# xacd missing wire transfer



## noctilux (Mar 23, 2007)

I ordered some titanium mtb fork and other titanium bike parts from X'ian Changda Titanium Products Ltd, aka XACD, I made a wire transfer and according to my bank, XACD already received the wire transfer ( c/o Bank Of China Shaanxi Branch). I am worried because according to Mr. Porter, the Chinese guy that works there, they have not received any wire transfer. I verified the transaction through American Express New York, and they showed me a proof that the wire transfer was already credited to the company name and account number of X'ian Changda Titanium within 24 hours  Is this another Chinese scam and fraudulent transaction? :mad2: :cryin: :shocked: Be Warned My Fellow Cyclist !
Never Deal with the Chinese especially through e-commerce. Patronize our very own MADE IN AMERICA.


----------



## [email protected] (Jan 17, 2006)

Hey Nightlight,
Let us know how you made out with this, would you? In the midst of tweaking a drawing from XACD, so am interested in how this one turns out. Post pics of the bike when you get it (fingers crossed for ya).


----------



## noctilux (Mar 23, 2007)

I hope it does not break. Finally, XACD got the wire transfer, and hope the build quality will be good. :idea:


----------



## timdb88 (Mar 23, 2007)

HOW WAS THE FRAME.
I TRIED TO ORDER FROM XACD, but this Porter guy is unreal. First he sends a price list only if you order a minimum of 25 (frames, cranks, etc.) So when he finally tells you the price is actually $110 more, then he tries to charge you extrra for custom and then another $15 everytime you make a change before you even wire him the money!!!

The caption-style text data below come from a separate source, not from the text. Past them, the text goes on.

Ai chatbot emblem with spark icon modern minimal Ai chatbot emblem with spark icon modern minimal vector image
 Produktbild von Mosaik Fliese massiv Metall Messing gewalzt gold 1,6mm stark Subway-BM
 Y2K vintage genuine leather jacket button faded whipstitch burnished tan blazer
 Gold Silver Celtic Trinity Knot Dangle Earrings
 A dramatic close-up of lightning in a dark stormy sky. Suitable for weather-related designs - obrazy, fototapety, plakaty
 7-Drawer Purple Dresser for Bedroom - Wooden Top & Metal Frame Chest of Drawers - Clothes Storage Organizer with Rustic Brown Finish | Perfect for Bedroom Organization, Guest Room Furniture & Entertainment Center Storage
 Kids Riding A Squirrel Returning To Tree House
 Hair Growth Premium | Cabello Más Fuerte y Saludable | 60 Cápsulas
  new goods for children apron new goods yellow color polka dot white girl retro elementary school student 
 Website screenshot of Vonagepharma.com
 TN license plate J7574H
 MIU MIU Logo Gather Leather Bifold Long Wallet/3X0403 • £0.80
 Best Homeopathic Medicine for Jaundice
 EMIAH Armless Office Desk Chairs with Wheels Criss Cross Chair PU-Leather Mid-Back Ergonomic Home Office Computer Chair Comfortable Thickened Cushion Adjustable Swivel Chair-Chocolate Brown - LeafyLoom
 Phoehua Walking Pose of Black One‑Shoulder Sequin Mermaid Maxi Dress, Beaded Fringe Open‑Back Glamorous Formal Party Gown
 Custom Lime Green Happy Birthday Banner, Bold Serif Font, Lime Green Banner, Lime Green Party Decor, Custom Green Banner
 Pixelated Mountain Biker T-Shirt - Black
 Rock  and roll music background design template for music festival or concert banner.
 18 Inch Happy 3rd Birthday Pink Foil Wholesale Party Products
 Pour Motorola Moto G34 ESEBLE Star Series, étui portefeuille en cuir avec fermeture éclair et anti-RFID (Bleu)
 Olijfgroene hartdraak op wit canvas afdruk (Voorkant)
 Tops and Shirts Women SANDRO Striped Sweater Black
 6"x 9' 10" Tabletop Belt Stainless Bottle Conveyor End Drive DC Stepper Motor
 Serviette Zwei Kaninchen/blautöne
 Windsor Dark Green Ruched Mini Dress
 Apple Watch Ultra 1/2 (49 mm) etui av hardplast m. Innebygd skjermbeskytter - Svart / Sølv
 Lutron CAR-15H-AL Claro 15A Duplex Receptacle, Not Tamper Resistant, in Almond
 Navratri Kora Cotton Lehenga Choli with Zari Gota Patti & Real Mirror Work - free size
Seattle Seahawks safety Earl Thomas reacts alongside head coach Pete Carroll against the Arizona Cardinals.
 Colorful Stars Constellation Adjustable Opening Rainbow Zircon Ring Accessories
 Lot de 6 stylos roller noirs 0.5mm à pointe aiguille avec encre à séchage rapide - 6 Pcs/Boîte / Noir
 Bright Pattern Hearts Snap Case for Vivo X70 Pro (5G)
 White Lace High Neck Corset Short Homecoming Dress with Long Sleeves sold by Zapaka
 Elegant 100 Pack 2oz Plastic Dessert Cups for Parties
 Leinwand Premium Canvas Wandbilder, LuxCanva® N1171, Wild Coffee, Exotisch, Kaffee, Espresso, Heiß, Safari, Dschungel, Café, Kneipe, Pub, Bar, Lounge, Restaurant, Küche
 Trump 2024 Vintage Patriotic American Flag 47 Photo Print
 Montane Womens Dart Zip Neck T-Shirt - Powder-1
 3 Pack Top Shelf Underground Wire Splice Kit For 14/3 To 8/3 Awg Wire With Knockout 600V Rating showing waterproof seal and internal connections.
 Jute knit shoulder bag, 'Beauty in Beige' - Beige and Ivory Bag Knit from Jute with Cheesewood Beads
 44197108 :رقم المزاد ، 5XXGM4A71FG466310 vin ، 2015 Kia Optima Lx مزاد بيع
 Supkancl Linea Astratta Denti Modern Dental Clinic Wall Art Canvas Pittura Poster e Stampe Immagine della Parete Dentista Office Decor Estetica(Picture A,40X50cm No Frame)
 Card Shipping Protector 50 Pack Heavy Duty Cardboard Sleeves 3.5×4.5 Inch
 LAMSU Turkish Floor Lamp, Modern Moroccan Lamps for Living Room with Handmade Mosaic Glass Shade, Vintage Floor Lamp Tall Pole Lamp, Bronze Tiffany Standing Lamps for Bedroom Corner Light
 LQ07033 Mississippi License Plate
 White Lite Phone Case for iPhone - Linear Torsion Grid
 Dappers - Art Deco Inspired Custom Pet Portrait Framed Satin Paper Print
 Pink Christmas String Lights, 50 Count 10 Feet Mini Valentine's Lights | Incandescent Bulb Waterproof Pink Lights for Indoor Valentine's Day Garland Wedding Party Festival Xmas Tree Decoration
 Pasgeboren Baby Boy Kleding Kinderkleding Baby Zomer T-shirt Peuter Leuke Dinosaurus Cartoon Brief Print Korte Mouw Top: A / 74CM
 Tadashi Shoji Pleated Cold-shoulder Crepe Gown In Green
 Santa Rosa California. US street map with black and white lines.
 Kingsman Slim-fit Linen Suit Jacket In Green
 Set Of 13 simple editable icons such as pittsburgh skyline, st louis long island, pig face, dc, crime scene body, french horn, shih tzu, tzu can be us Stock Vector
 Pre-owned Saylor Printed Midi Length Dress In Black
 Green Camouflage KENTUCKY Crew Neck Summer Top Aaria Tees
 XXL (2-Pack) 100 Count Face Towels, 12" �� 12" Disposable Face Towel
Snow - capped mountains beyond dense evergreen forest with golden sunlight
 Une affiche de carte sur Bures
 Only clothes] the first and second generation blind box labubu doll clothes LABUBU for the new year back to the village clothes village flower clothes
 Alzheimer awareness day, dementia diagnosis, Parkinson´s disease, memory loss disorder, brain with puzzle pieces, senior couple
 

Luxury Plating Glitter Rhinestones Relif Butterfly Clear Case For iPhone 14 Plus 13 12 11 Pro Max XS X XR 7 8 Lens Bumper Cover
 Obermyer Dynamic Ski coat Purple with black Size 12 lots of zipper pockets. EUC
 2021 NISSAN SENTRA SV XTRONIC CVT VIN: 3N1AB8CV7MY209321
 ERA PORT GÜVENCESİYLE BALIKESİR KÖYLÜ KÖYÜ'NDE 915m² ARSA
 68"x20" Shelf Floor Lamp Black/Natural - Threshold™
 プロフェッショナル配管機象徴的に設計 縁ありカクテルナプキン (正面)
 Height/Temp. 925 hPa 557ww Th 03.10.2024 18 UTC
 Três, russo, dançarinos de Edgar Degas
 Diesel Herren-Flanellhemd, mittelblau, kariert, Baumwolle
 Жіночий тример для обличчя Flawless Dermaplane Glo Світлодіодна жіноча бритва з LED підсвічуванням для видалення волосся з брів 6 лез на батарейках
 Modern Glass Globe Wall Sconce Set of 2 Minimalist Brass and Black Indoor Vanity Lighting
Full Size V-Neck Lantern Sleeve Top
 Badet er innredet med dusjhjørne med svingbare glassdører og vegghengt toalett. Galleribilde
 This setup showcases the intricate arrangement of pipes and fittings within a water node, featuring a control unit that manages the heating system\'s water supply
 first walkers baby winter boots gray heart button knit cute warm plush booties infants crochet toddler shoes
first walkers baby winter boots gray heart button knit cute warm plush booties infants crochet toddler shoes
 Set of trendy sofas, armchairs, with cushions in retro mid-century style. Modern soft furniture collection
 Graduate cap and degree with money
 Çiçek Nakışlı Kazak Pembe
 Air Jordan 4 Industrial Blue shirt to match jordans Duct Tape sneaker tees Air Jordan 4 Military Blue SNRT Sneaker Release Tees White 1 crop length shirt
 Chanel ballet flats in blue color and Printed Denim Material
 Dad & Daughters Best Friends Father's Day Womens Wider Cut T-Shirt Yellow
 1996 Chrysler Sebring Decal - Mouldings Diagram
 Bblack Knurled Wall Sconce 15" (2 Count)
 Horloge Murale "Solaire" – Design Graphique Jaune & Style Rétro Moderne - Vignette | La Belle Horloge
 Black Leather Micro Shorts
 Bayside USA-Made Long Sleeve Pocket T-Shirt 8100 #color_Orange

Then he continues to send you the last email you had with him every other day, and if you don't respond to him within a week, he calls me a "GREAT CHEATER". Because I made him waste his time. I told him that for a person who hasn't even finalize the design and sent him the money and he hasn't even raised a welder yet, he has no right to keep adding $15. Anyway the communication deteriorated to pint where we were exchanging insults. Afterwards I showed the emails to my riding dudes and they all had a good laugh. They all thought he acted like a five year old. 

If I am going to buy Chinese, I'll stay with the Hi-Light brand, better made and finish. A little more money, but at least you don't have to deal with an immature person.


----------



## Dumb Blond Gurl (Apr 26, 2011)

Porter Du is Great! The whole process was wonderful. I "commissioned" the construction of two frames, a 29er and a road frame. I paid less than the same price I'd pay for one single Moots frame... My Moots frames are great ... But I am extremely pleased with XI'AN, Porter Du and my custom titanium bicycle frames made in China! Highly recommended, you will not regret the purchase.


----------